Dernières pages du livre dont Anne Malaprade a donné une note de lecture : « Ce mobile conçu par Suzanne Doppelt regroupe trois types d’éléments. »
un miroir est une machine qui nous met en relief hors de nous-mêmes dit l'aveugle n'en ayant jamais vu, elle pourrait servir de toile au peintre tandis que la main donnée à défaut est aussi sensible quand elle va et vient, elle dessine des figures comme dans un miroir concave, un bon générateur de spectres, la tête est renversée, les pieds en l'air et les doigts pareils à un bras, un objet combiné de telle façon qu'au lieu de se voir on voit tout autre chose, un jouet facétieux une fameuse géométrie
c'est un jour ordinaire au milieu d'un parc, entre deux ponts, dans la campagne profonde ou de nulle part, chaque fois un flâneur est au spectacle, un théâtre de plein air qui montre une très petite comédie de mœurs, mine de rien un badinage piquant et silencieux, un homme plus une femme et entre eux une drôle d'affaire qui modifie l'espace jusqu'à l'horizon. Presque rien une danse légère, un tête-à-tête fiévreux, une pose contre nature mettent le flâneur en mouvement continu, un secret à moitié gardé se cache dans le paysage, il dérègle le bon sens et retourne la vue, c'est un hasard de voir exactement ce qu'on regarde, un huis clos hanté par l'humeur d'un autre tapi à quelques pas de là.

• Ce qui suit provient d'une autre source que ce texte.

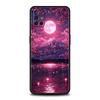 Phone Case For Oneplus 13R 13 12 10T 11 R10 Nord N100 N200 N10 9 9R CE 2 3 Z Pro Lite 5G Soft TPU Cover Pink Sunset Mountain Bag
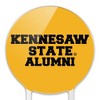 Kennesaw State Owls Alumn Acrylic Cake Topper Party Decoration for Wedding Anniversary Birthday Graduation - 3 of 4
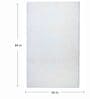 White Shaggy Polyster 5 x 7 Feet Hand Tufted Carpet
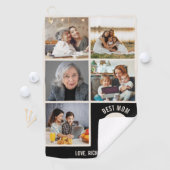 最高のMom By Parカスタム5 Photo Collage ゴルフタオル (インサイチュ)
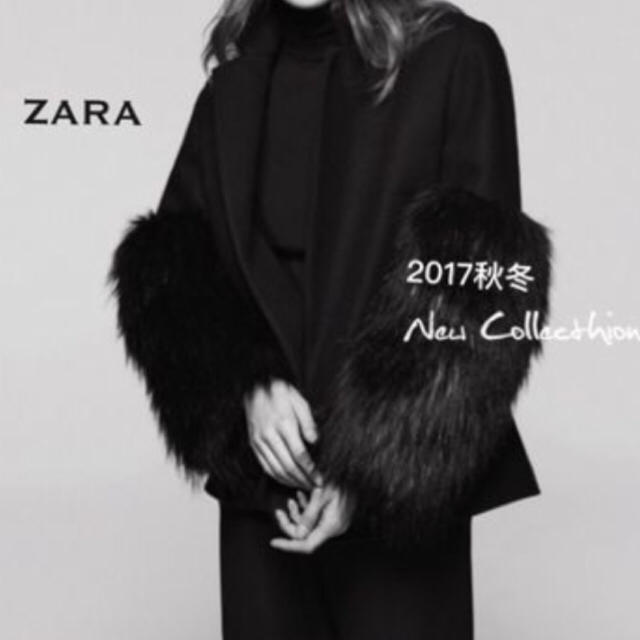 ZARA 2017 フェイクファーコートジャケット/アウター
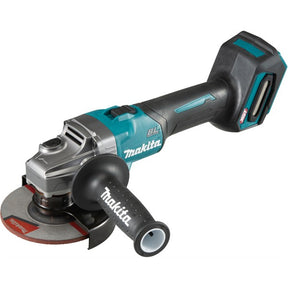 Makita ga008gm201 amoladora angular 40 v max 125 mm batería 4,0 ah (2 piezas), cargador, mbox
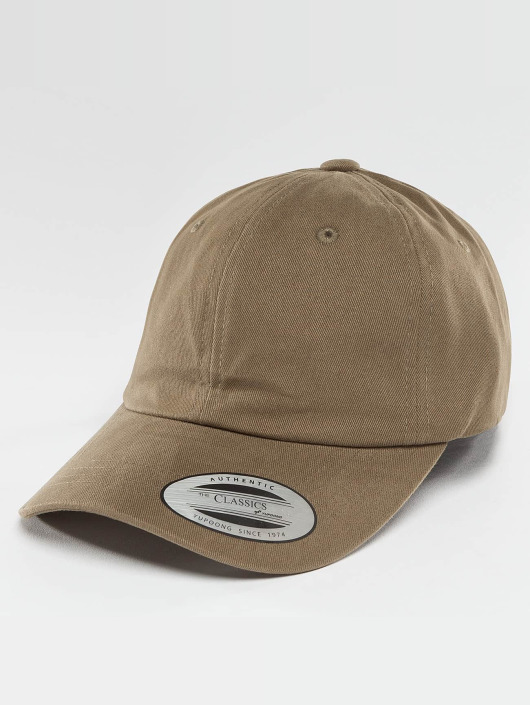 Flexfit Snapback Peached Cotton Twill Dad kaki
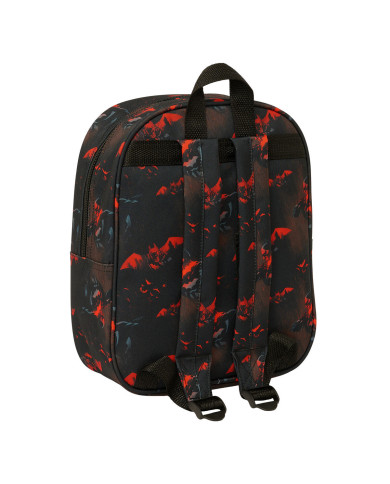 School Bag Batman Black 22 x 27 x 10 cm 3D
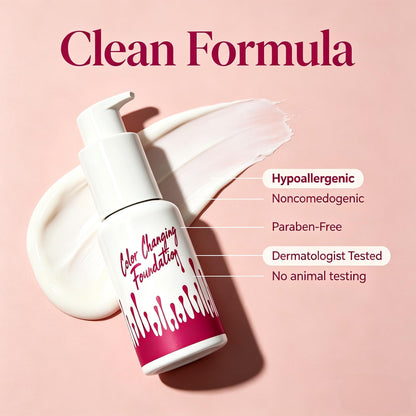 Color Changing Foundation for Mature Skin, Natural Finish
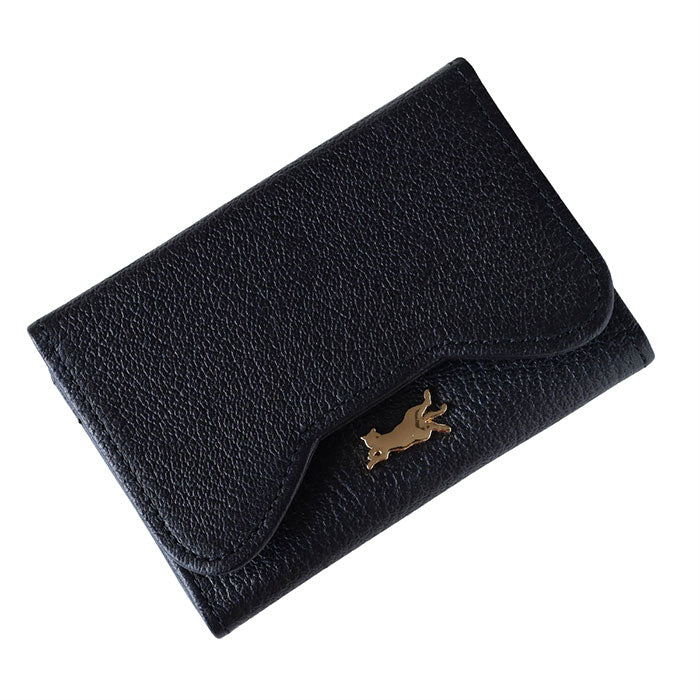 aoneco(アオネコ) 本革 かぶせ名刺入れ レディース メンズ [an053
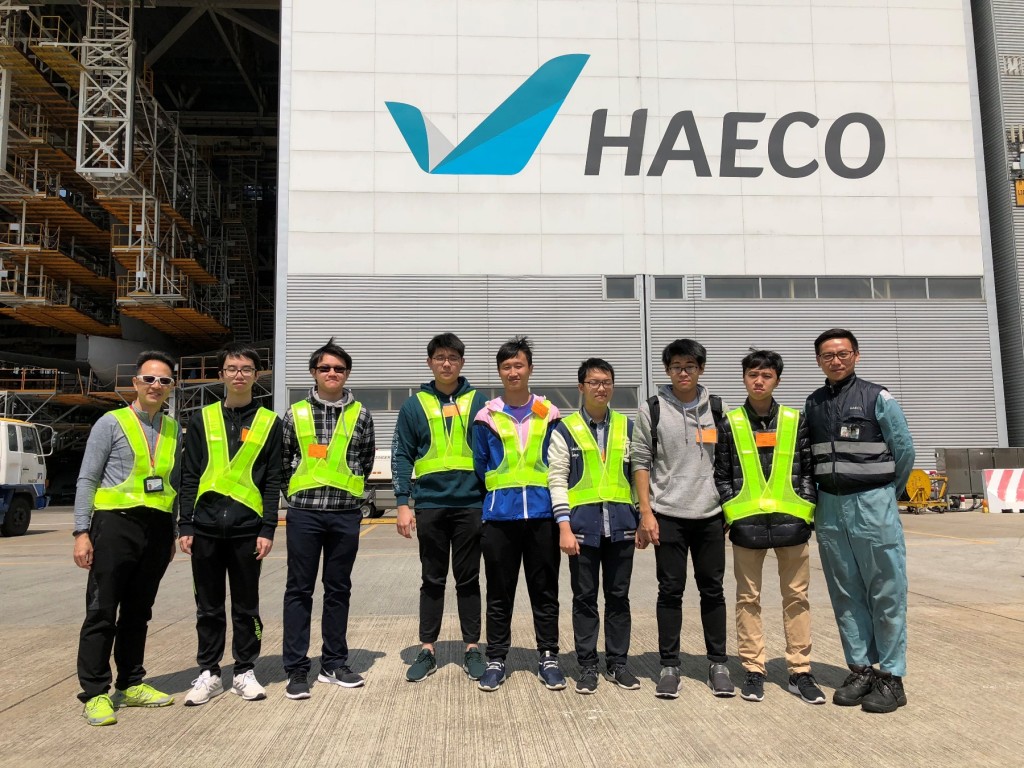 學生曾到飛機工程集團作職場體驗。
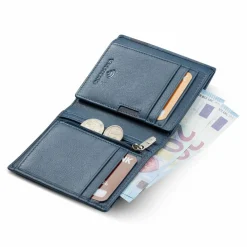 Roncato Herrengeldbörsen Hochformat<Monaco Geldbörse Leder 9 cm denim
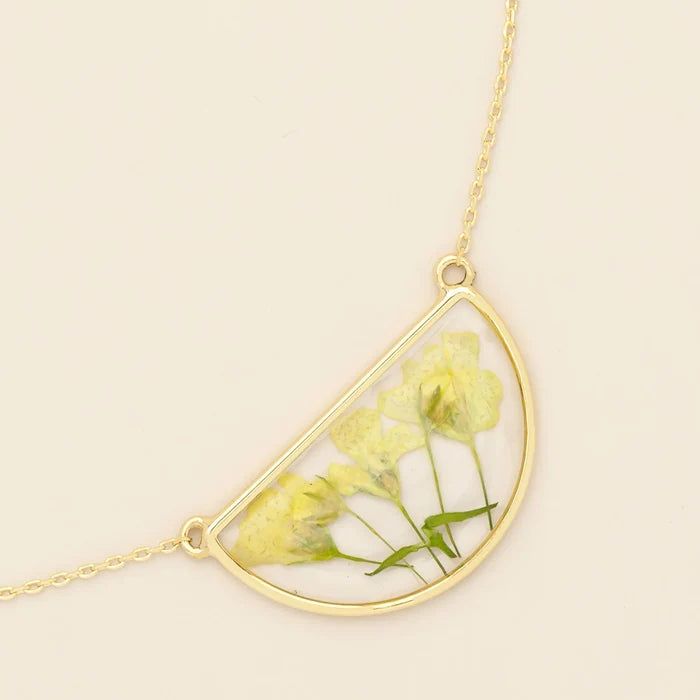 Scout Pressed Flower Necklace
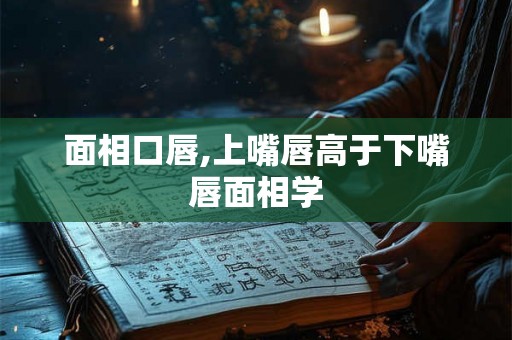 面相口唇,上嘴唇高于下嘴唇面相学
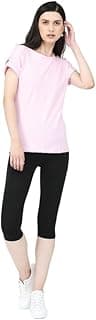 Robinbosky Premium Stretchable Cotton Capri Legging for Women | Suitable for Formal wear & Casual wear | High-End Elastic Makes. The Leggings Squat Proof and Durable for Travel, Yoga, & Workout.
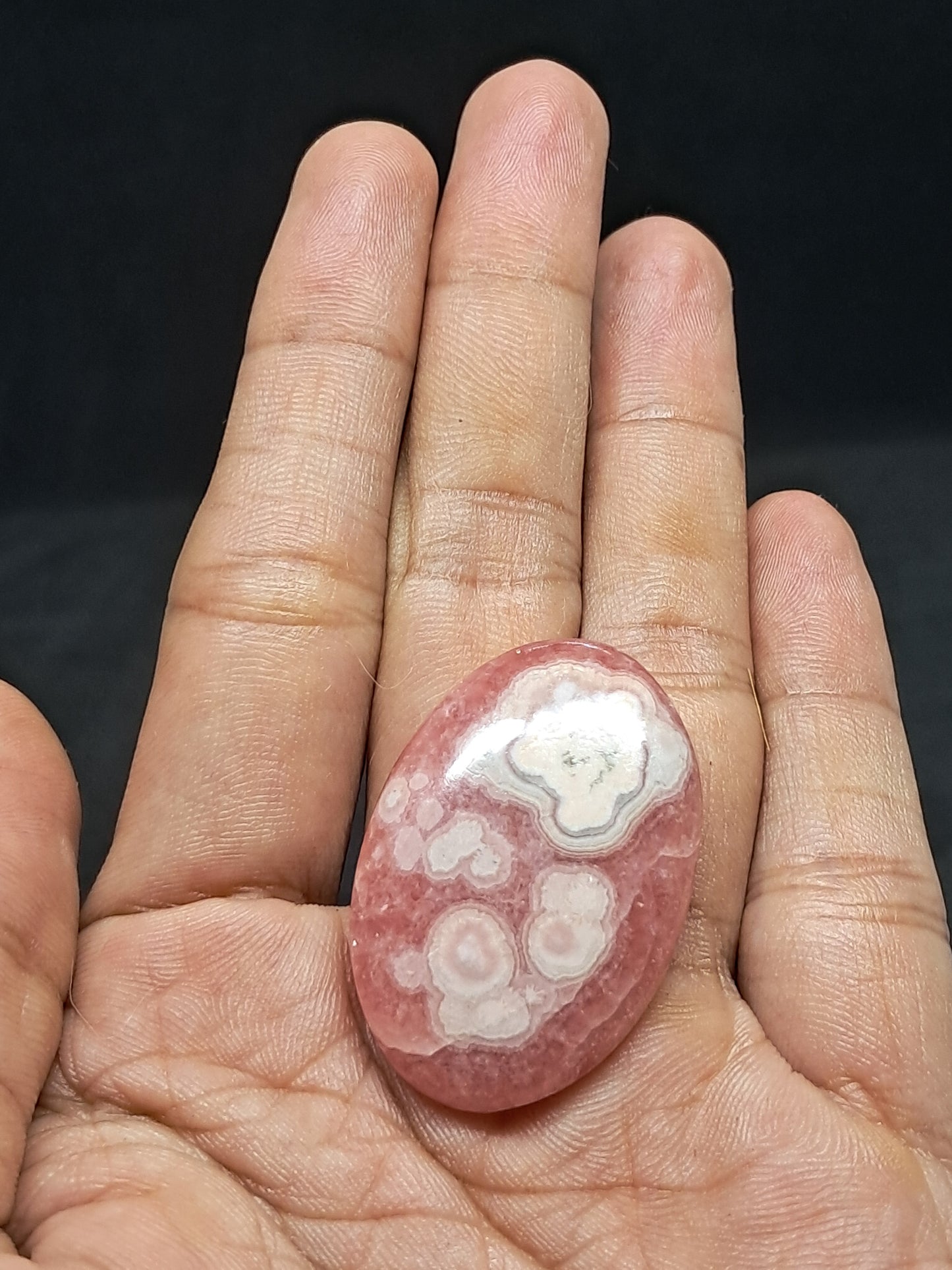 Rhodocrosite Palmstone (Argentina) Polished Stone | Rare Mineral #RHD4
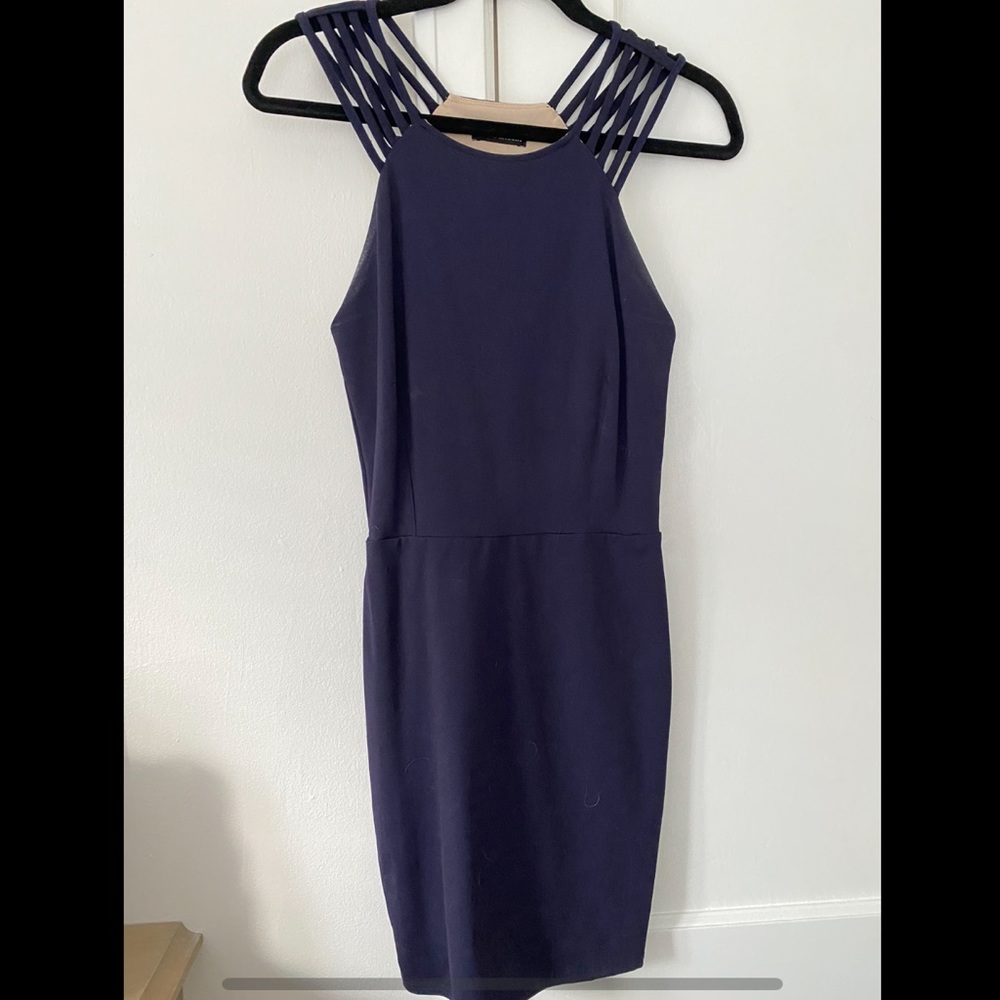 Donna Mizani mini dress in Midnight Blue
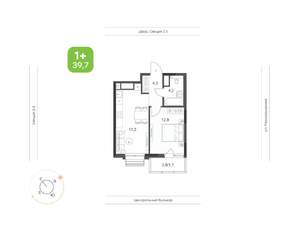 1-к квартира, вторичка, 40м2, 10/21 этаж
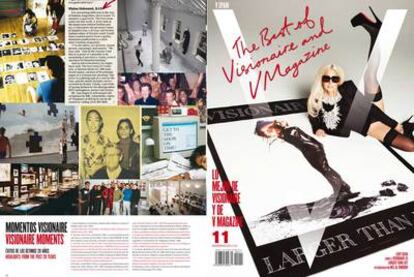 A la izquierda, páginas interiores del número 11 de la revista <i>V Spain,</i> y a la derecha, la portada.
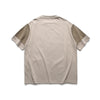 Trendy Contrast Color Stitching Loose Round Neck T-shirt Men
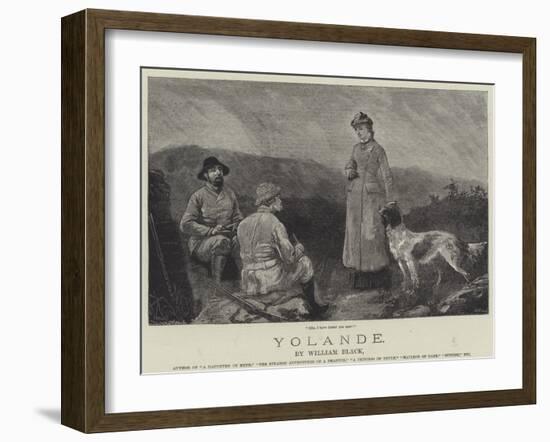 Yolande-William Heysham Overend-Framed Giclee Print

Hors cadre d'un buisson compact, d'une voiture arrêtée ou sur un tas d'aiguilles, la perspective est une histoire de triangle et de position, il suit l'affaire assidûment, d'ailleurs il la mène par le bout du nez ou par la pointe de son calibre, les lieux varient le paysage se défait à l'envi, sous l'image une autre
et une autre encore, le temps est fixé et tout se refait forcément. Combien de significations tirer de ces centaines d'herbes de ces massifs de ce bitume, le flâneur qui n'est pas un limier va voir de plus près, une vraie tête chercheuse l'œil aussi aigu qu'un rayon, dans son bain chimique il trouve des oiseaux des nuages des marques particulières une poussière de taches pâles au lieu d'une tête sans visage un beau masque fait d'après nature à l'ombre d'un arbre ou peut-être nulle part, une idée devenue fixe, un mode de changement débordant. Revoir la scène ici ou là, le mort sur le tapis d'herbes ou entre deux images hors de portée il se perd à mesure que le temps avance, revoir le duo de choc une manigance bien ordonnée il s'efface derrière un brouillon de faits indécis et rien ne revient sinon le jour ordinaire au milieu d'un parc entre deux ponts, dans la campagne profonde. L'immobilité des aubépines et de l'ombre portée, du silence aussi celui des vents, demandez-leur la cause
trop de lumière retourne la vue pareil le brouillard et les larmes, j'ai l'impression d'avoir les yeux mouillés qu'est-ce que je dois regarder, le noir de fumée, le jaune des vapeurs ou ne voir que du blanc fait de toutes les couleurs — un gouffre libre, la lune aussi regarde d'un œil humide qui défait les choses en plusieurs morceaux, à travers l'eau synthétique il voit ni ne voit pas ces pièces détachées formant un bel imbroglio, un peu d'invisible monte très lentement vers la surface et s'en retourne à vue
Suzanne Doppelt, Et tout soudain en rien, P.O.L. 2022, 80 p., 13€
Sur le site de l’éditeur
Dans les livres de Suzanne Doppelt, et dans son travail photographique, la question du regard a toujours été essentielle. Il s’agit avec ce nouveau texte, en prose poétique, d’y revenir une fois encore, autour d’un axe central, un parc londonien, dédoublé, démultiplié dans l’image, lieu d’apparition, de disparition, de métamorphoses et de perspectives multiples au milieu duquel le regard se perd. On accompagne Thomas, photographe, spectateur et voyeur, qui joue au limier, pour se demander ce qu’est ne pas voir, être aveugle en somme, d’autant plus lorsque l’on fait profession des images.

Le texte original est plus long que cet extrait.